Thursday, May 31, 2012

Evolving Benefits and the Lack Thereof


A new report by CNN discusses the shift in company-paid employee benefits over the past five years, as employees have been confronted with the growing need to take on the cost of some portion of their own benefits.  Medical insurance has been cited as the most commonly and most often updated benefit, as has a reduced or, in some cases, completely eliminated, 401(K) employer match.  Such changes have been forced upon employers in the face of tough economic times, and some forecasts indicate that more than 50% of large organizations may drop health care coverage altogether in the next five years if economic conditions and medical costs do not improve.  Considering the new IRS ruling increasing the personal out-of-pocket contribution limit for Health Savings Accounts for 2013, this forecast may very well be accurate.

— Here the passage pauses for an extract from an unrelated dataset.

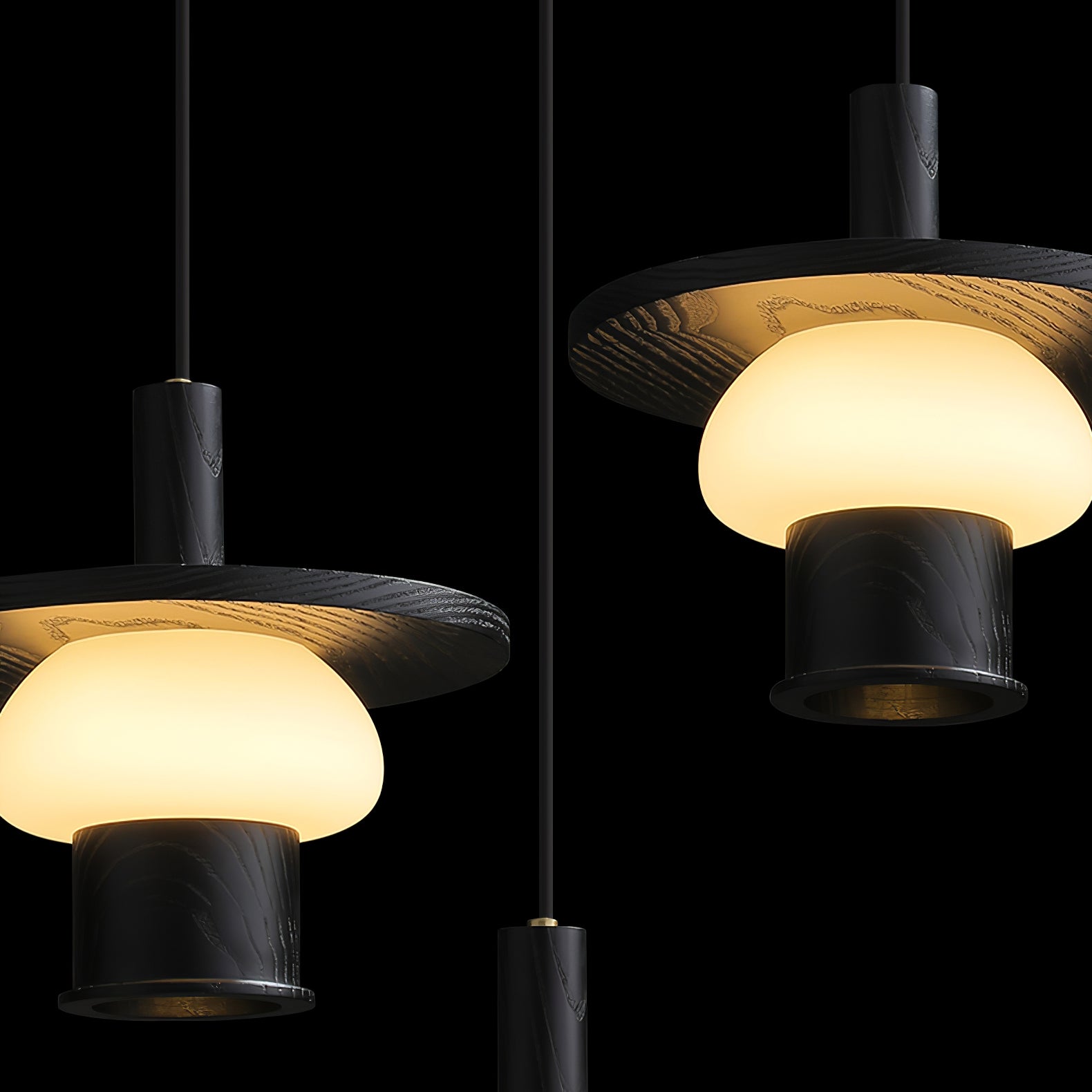 Zephaan Traditional Art Classic Glass Wood Pendant Light - Blowlighting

Notwithstanding, benefits continue to cost organizations huge amounts of money, and managing these in a cost-demanding environment is a substantial investment in itself.  Using a recent announcement by Hewlett Packard that the organization's restructuring efforts will cost 27,000 employees their jobs, consider the team responsible for that layoff.  This team will presumably include many human resource professionals, employment counsel, payroll representation, and a dedicated group of individuals tasked with designing and managing the ongoing benefits for this group of 27,000.  Further, as noted in an opinion piece about the HP layoff, those HP-ers who survive the massive force reduction will be faced with increasing job demands and greater overtime requirements.  

Severance benefits, while not as drastically affected over the past five years as have been medical benefits, are often on the chopping block as organizations strive to reduce costs.  However, because severance benefits are too often viewed as an entitlement rather than a benefit, few companies are swift to update severance benefit plans even in the times of struggle.  Growing healthcare costs have forced the burden of the costs partially onto the beneficiary.  Why has the business world been so reluctant to update a benefit so costly and outdated?

Modernized severance plans don't have to cost employees a dime, unlike modern medical benefit plans.  Modern severance plans can, however, restructure the IRS tax burden of a separation benefit and be less costly to both an organization and an individual.  Modern severance plans can also integrate sources of funding such as state and federal unemployment benefits provided to involuntarily-separated individuals, allowing a company to perhaps save costs and terminate fewer employees, or perhaps even enhance a separation benefit awarded to a terminated individual to provide financial support for a longer amount of time.  Further, modern severance plans can be administered by an outside party, eliminating the need for a (costly) internal "layoff team" and leaving the administration and legal regulation of the plan to an outside vendor.

Thinking again about the HP restructure, what could potentially amount to a billion-dollar total severance payout could be reduced exponentially by simply adopting a modern and cost-effective separation benefits plan.  And just a though, perhaps severance benefit savings may allow those leftover employees, still with greater workloads and more overtime, to have reduced out-of-pocket healthcare costs.  Benefits that are actually beneficial!